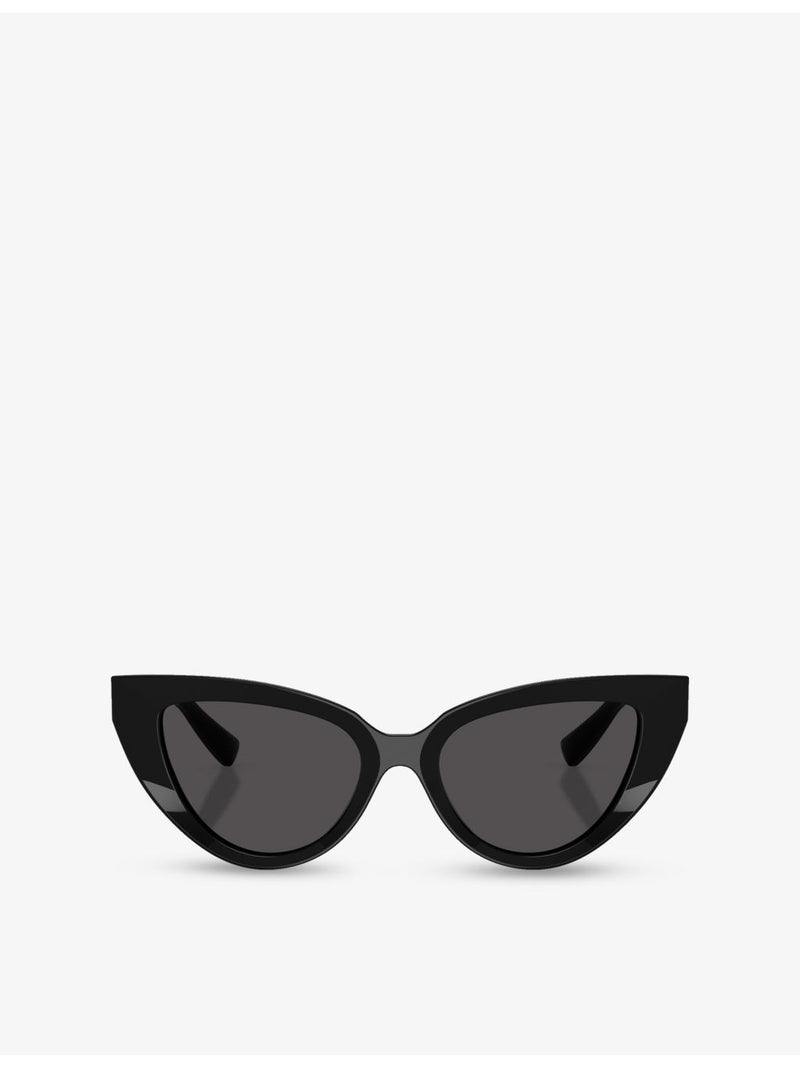 Dolce & Gabbana cat-eye acetate sunglasses, imported from the UK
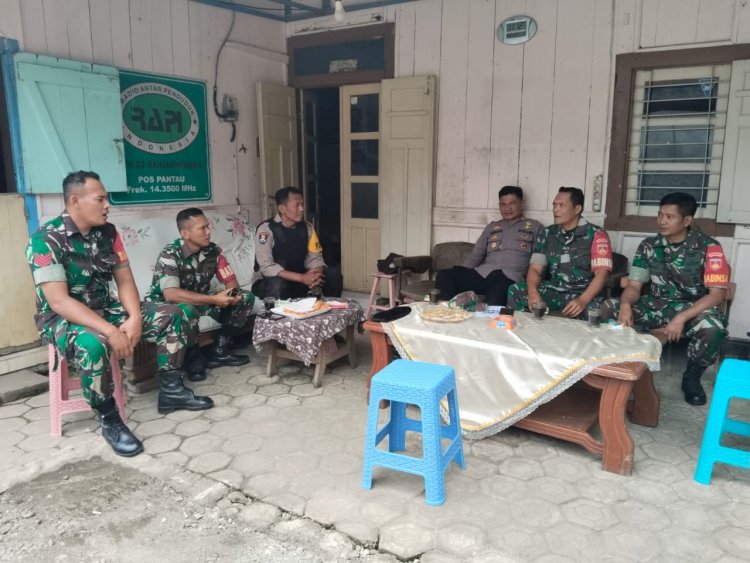 TNI-Polri Amankan Ibadah Natal Greja Katolik Santo Lukas Karangkobar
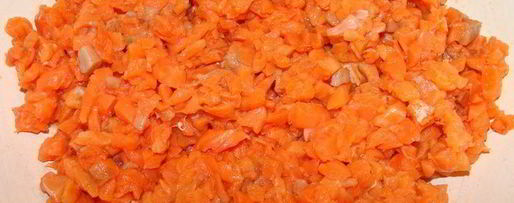 Шаг 1: теплого тартара ролл из семги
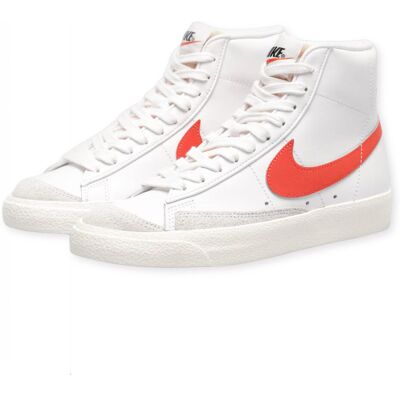 Buty damskie Nike Blazer Mid '77 białe styl vintage-37,5 Buty damskie Nike Blazer Mid '77 białe styl vintage-37,5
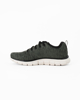 Immagine di SKECHERS TRACK- FRONT RUBBER - Sneachers da uomo verde e nera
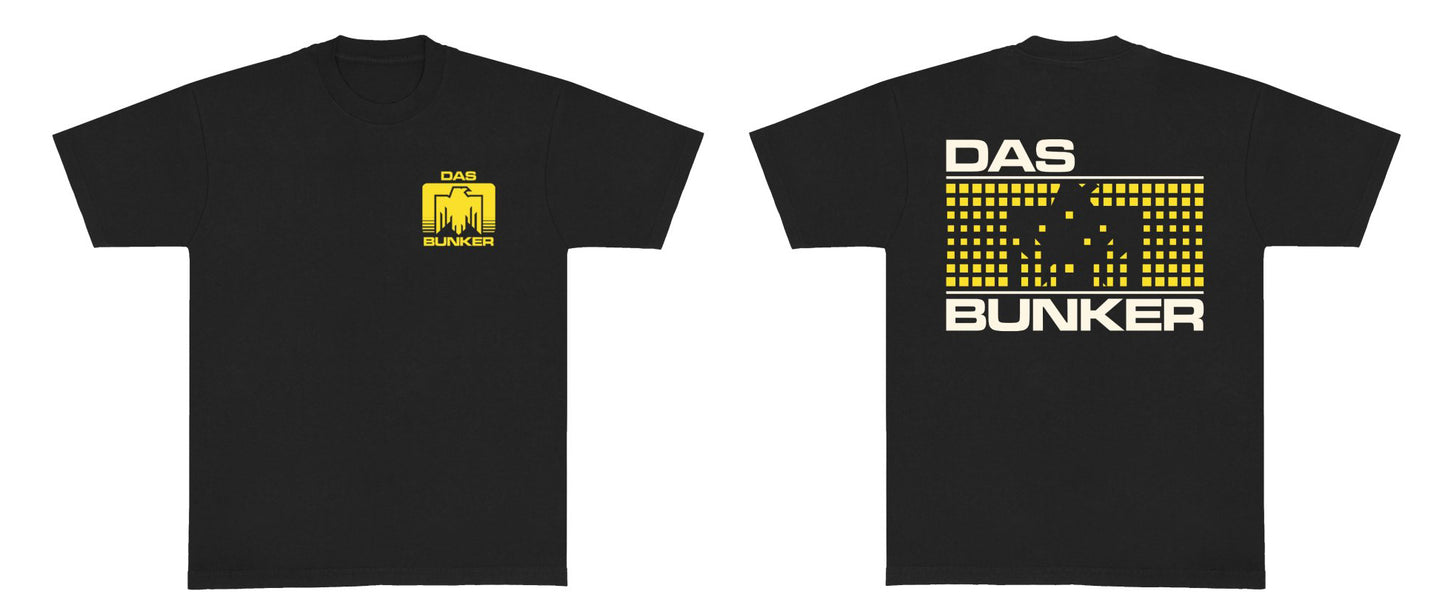 Das Bunker "1980's Logo" Heavyweigt Tee
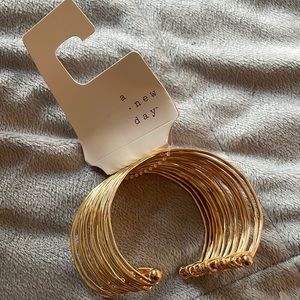 A New Day gold bracelet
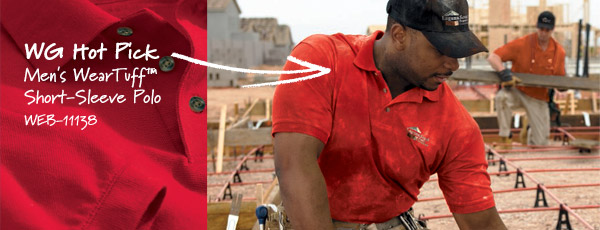 Polo Shirt Deals from Aramark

• _INSTRUCTIONS TO FOLLOW_: Once the line with "Immagine di SKECHERS" is found, write out that line and every later line of the listing above exactly, through the last one, and skip any pictures.

• _ANSWER TO THIS TASK_:
 Immagine di SKECHERS TRACK- FRONT RUBBER - Sneachers da uomo verde e nera
 Das Bunker "1980's Logo" Heavyweigt Tee
 A New Day gold bracelet
 Polo Shirt Deals from Aramark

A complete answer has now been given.